- [SUPPLIED INFORMATION]:
□ □ □ □
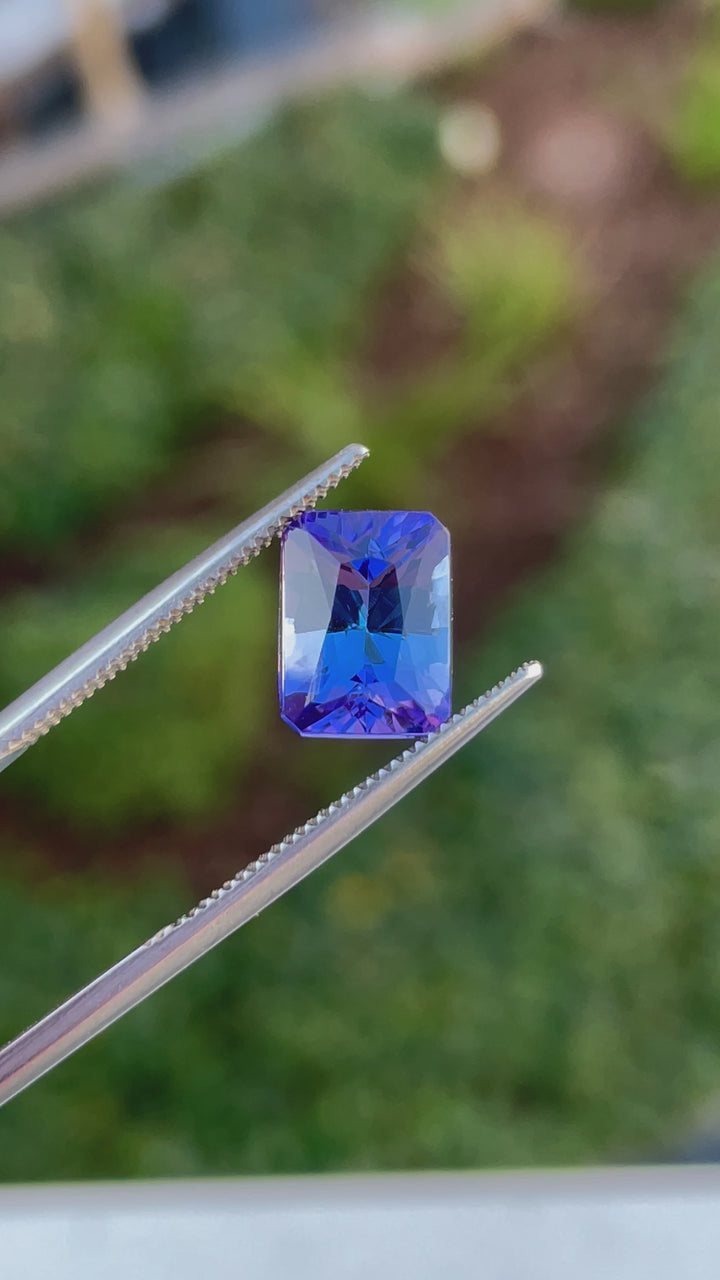 360-degree view of a radiant cut Tanzanite gemstone with vivid blue and ultra violet tones, from Merelani Hills.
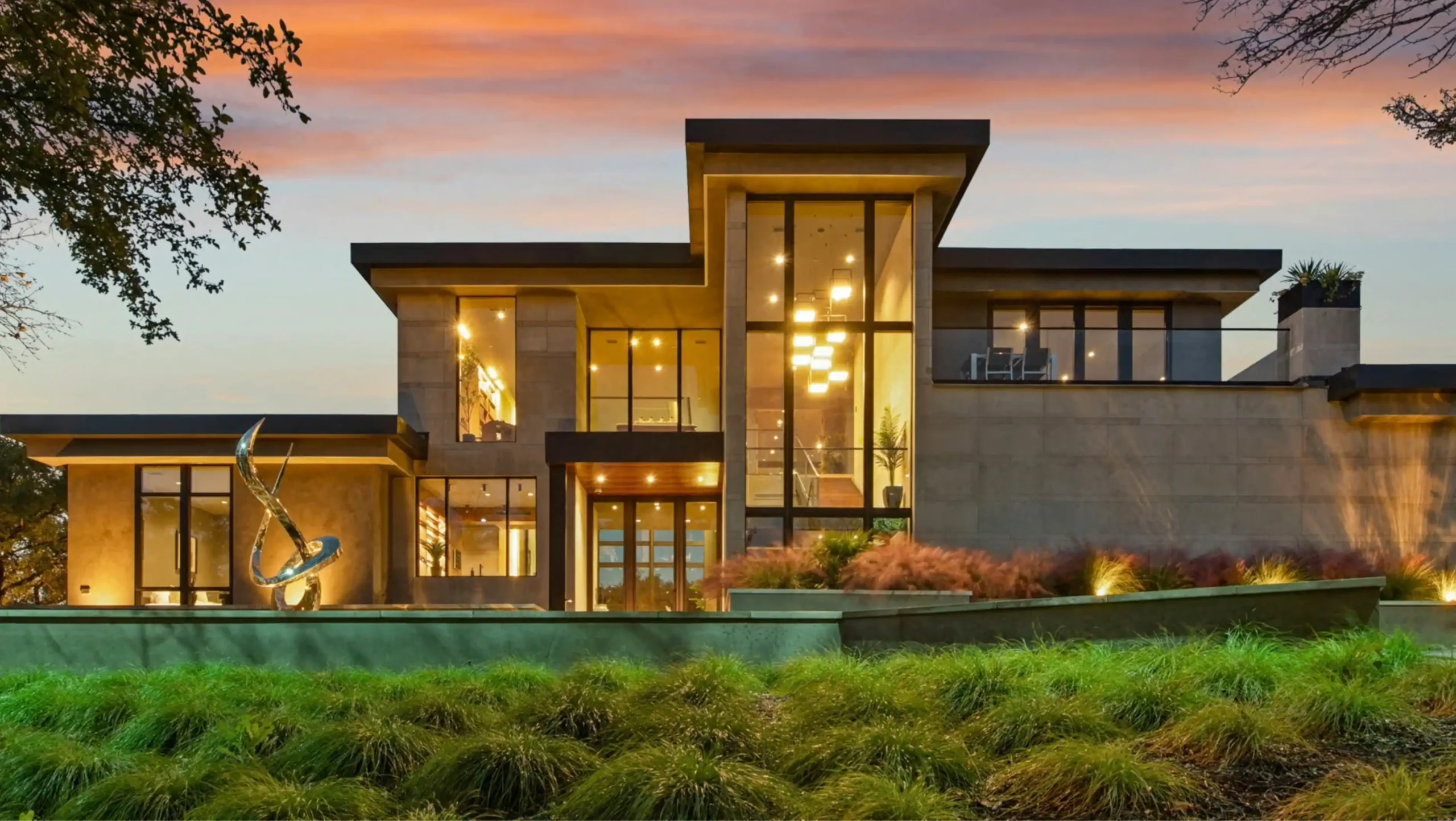 newly built contemporary custom home exterior at dusk with warm interior glow, smartphone-controlled lighting visible through large black-framed windows, landscaped front entry ...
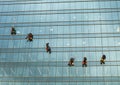 Group of workers cleaning windows service on high rise building. window washers industrial climbers Royalty Free Stock Photo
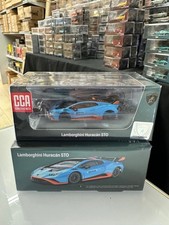 LAMBORGHINI HURACAN STO BLUE WITH EXTRA WHEELS 1/64 DIECAST CAR BY CCA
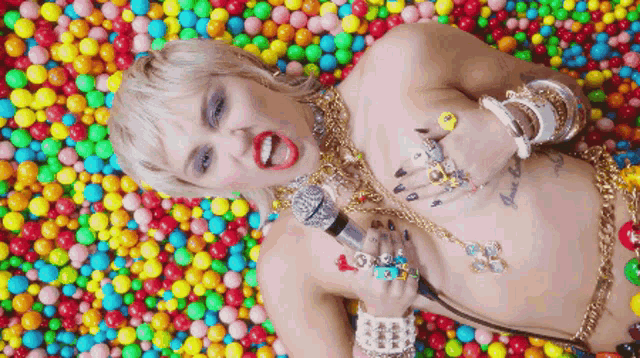 a naked woman is laying on a pile of candy balls holding a microphone .
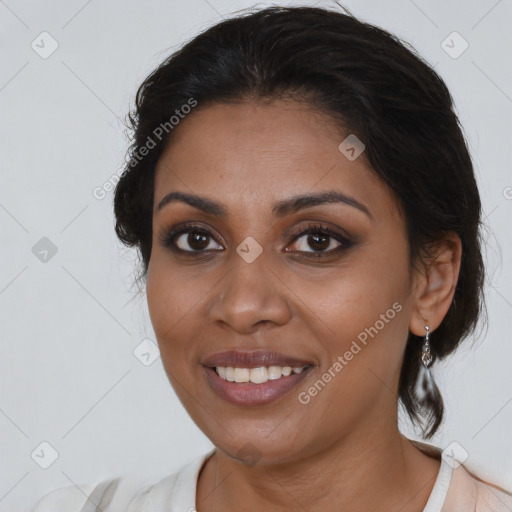 Joyful black young-adult female with medium  brown hair and brown eyes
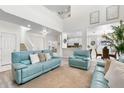 Spacious living room with high ceilings, featuring stylish decor and an open layout at 5915 43Rd E Ct, Bradenton, FL 34203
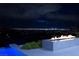 Night view of fire pit and pool with city lights in the background at 643 Cityview Ridge Dr, Henderson, NV 89012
□ □ □ □
Reproduce all entries exactly. Pictures do not belong in the copy.

- [REPLY]:
 360-degree view of a radiant cut Tanzanite gemstone with vivid blue and ultra violet tones, from Merelani Hills.
 newly built contemporary custom home exterior at dusk with warm interior glow, smartphone-controlled lighting visible through large black-framed windows, landscaped front entry ...
 Group of workers cleaning windows service on high rise building. window washers industrial climbers Royalty Free Stock Photo
 LAMBORGHINI HURACAN STO BLUE WITH EXTRA WHEELS 1/64 DIECAST CAR BY CCA
 a naked woman is laying on a pile of candy balls holding a microphone .
 Joyful black young-adult female with medium  brown hair and brown eyes
 Spacious living room with high ceilings, featuring stylish decor and an open layout at 5915 43Rd E Ct, Bradenton, FL 34203
 Night view of fire pit and pool with city lights in the background at 643 Cityview Ridge Dr, Henderson, NV 89012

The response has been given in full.